= Mushtaq Ahmad Shah =

Indian politician (born 1955)

Mushtaq Ahmad Shah (born 1955) is an Indian politician from Jammu and Kashmir. He was an MLA from Tral Assembly constituency in Pulwama district. He won the 2014 Jammu and Kashmir Legislative Assembly election representing the Jammu and Kashmir People's Democratic Party.

== Early life and education ==
Shah is from Tral, Pulwama district, Jammu and Kashmir. He is the son of Abdul Majeed Shah. His wife is a teacher. He completed his M.A. in Urdu at Kashmir University.

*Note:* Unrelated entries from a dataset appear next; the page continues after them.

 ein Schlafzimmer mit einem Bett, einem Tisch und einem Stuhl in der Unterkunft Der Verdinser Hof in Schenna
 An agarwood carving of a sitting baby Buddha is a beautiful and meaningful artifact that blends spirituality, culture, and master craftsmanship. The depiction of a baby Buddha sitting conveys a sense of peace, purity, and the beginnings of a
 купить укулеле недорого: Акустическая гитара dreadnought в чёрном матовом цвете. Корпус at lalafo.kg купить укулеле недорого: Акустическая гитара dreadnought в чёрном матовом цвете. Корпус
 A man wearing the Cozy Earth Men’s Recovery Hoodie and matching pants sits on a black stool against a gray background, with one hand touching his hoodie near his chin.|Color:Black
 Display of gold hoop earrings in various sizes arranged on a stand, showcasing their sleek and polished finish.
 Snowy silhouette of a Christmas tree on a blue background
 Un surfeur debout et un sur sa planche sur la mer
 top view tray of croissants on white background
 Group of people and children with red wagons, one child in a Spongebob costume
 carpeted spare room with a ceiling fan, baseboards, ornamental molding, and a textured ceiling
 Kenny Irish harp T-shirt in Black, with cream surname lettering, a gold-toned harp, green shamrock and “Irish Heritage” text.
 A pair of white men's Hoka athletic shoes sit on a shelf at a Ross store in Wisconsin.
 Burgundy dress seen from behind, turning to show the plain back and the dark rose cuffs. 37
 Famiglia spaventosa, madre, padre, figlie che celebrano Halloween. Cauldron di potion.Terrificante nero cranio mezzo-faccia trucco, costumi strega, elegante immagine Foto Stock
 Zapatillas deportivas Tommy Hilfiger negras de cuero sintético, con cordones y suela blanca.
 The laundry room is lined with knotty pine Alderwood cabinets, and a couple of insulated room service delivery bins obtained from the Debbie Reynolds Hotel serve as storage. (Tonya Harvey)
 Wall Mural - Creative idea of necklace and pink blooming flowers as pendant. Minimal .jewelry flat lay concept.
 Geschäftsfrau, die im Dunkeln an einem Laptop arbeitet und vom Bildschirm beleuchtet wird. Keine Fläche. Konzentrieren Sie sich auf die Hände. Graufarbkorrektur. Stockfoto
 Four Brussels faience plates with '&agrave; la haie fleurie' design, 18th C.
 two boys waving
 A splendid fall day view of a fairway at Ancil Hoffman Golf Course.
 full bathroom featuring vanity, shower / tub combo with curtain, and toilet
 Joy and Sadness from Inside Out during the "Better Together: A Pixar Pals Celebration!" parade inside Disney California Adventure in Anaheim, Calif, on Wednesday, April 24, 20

== Electoral performance ==

| Election | Constituency | Party |  | Result | Votes % | Opposition Candidate | Opposition Party |  | Opposition vote % | Ref |
|---|---|---|---|---|---|---|---|---|---|---|
| 2014 | Tral |  | JKPDP | Won | 38.56% | Mohammed Ashraf Bhat |  | JKNC | 25.80% |  |
| 2008 | Tral |  | JKPDP | Won | 28.47% | Mohammed Ashraf Bhat |  | JKNC | 18.04% |  |

== Career ==
Shah won from Tral Assembly constituency representing Jammu and Kashmir People's Democratic Party in the 2014 Jammu and Kashmir Legislative Assembly election. He polled 12,415 votes and defeated his nearest rival, Mohd Ashraf Bhat of the Jammu and Kashmir National Conference, by a margin of 4,110 votes.